Your goal: Output what the records say, word for word, with no images.

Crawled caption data
■ ■ ■ ■
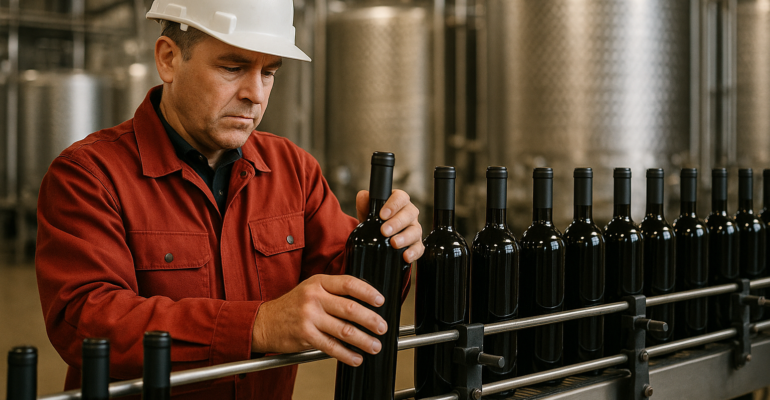 Operario inspeccionando botellas de vino en línea de embotellado de bodega de Mendoza, con tanques de acero inoxidable al fondo.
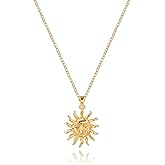 GZJGO Sun Pendant Necklace for Women, 14K Gold Plated Dainty Sun Necklace Cute Minimalist Diamond Necklace Jewelry Gifts for Women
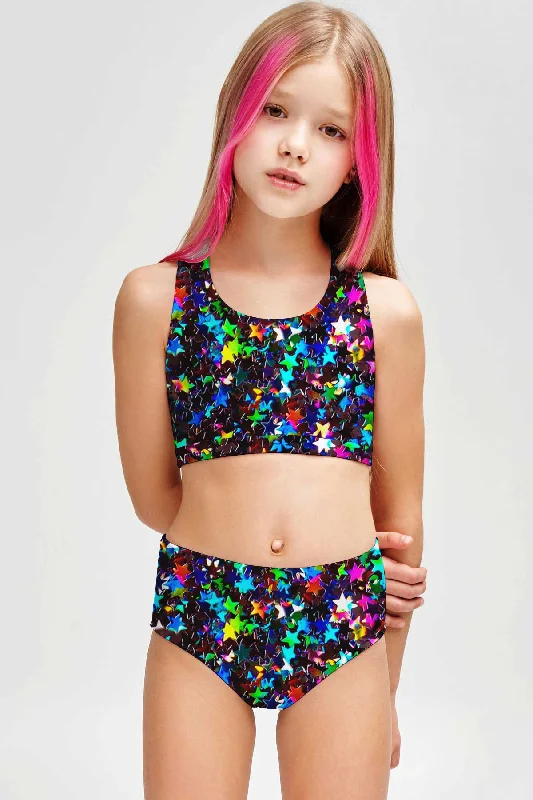 Fireworks Claire Glitter Two-Piece Swimsuit Sporty Swim Set - Girls Color-Block Bikini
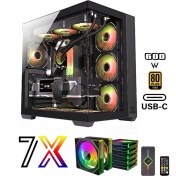 Resim Zeiron Mirage X7 Tuş ve Kumanda Kontrolcülü 7x120 mm Gerçek ARGB Fanlı 600W 80Plus PSU Gaming Boş Akvaryum Bilgisayar Kasası 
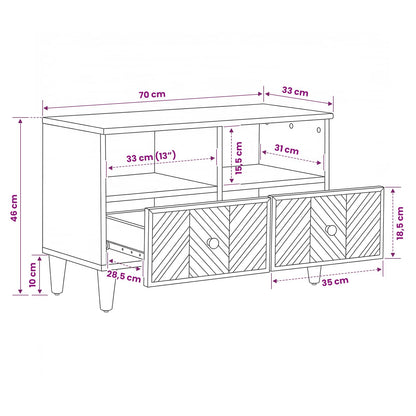 vidaXL Storage Cabinets Brown 70 x 33.5 x 46 cm Solid Mango Wood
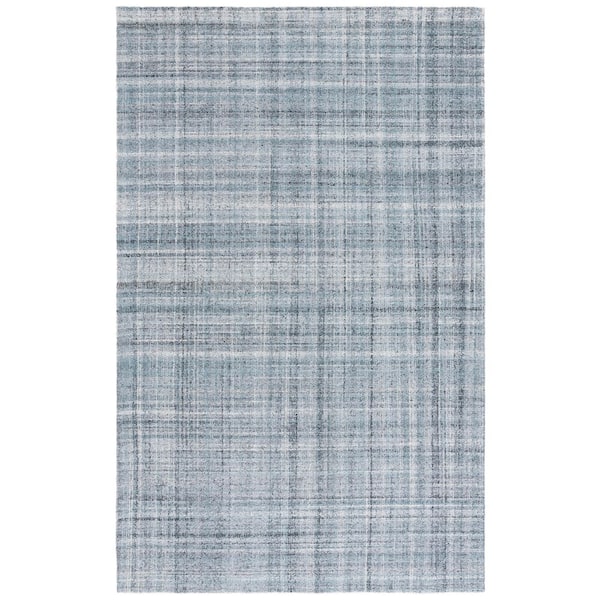 Abstract 5 ft. x 8 ft. Aqua/Gray Modern Plaid Area Rug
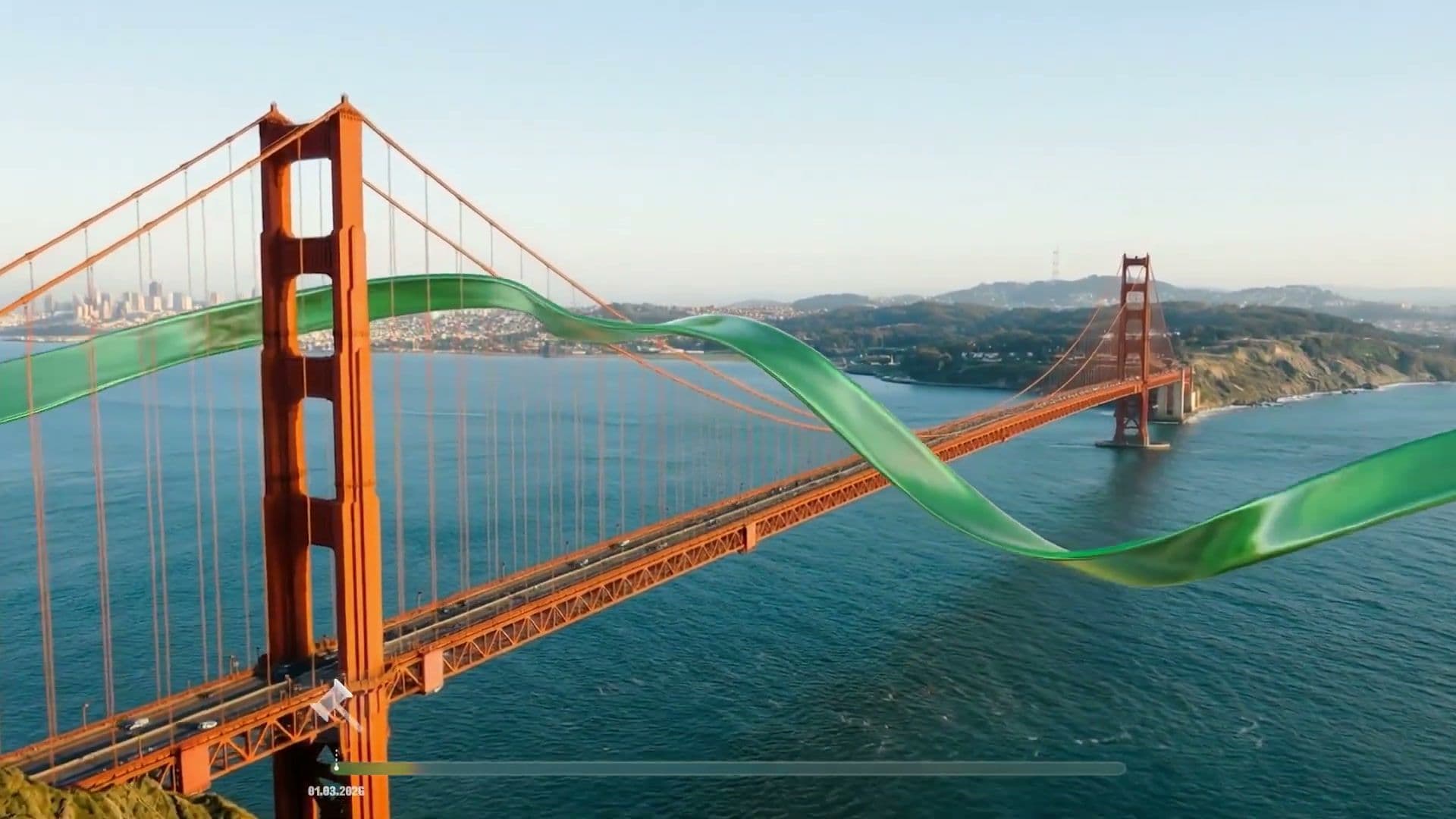The brand's green ribbon weaves through the Golden Gate Bridge cables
■ ■ ■ ■
Solution below:
 Operario inspeccionando botellas de vino en línea de embotellado de bodega de Mendoza, con tanques de acero inoxidable al fondo.
 GZJGO Sun Pendant Necklace for Women, 14K Gold Plated Dainty Sun Necklace Cute Minimalist Diamond Necklace Jewelry Gifts for Women
 Fireworks Claire Glitter Two-Piece Swimsuit Sporty Swim Set - Girls Color-Block Bikini
 Resim Zeiron Mirage X7 Tuş ve Kumanda Kontrolcülü 7x120 mm Gerçek ARGB Fanlı 600W 80Plus PSU Gaming Boş Akvaryum Bilgisayar Kasası 
 vidaXL Storage Cabinets Brown 70 x 33.5 x 46 cm Solid Mango Wood
 Abstract 5 ft. x 8 ft. Aqua/Gray Modern Plaid Area Rug
The brand's green ribbon weaves through the Golden Gate Bridge cables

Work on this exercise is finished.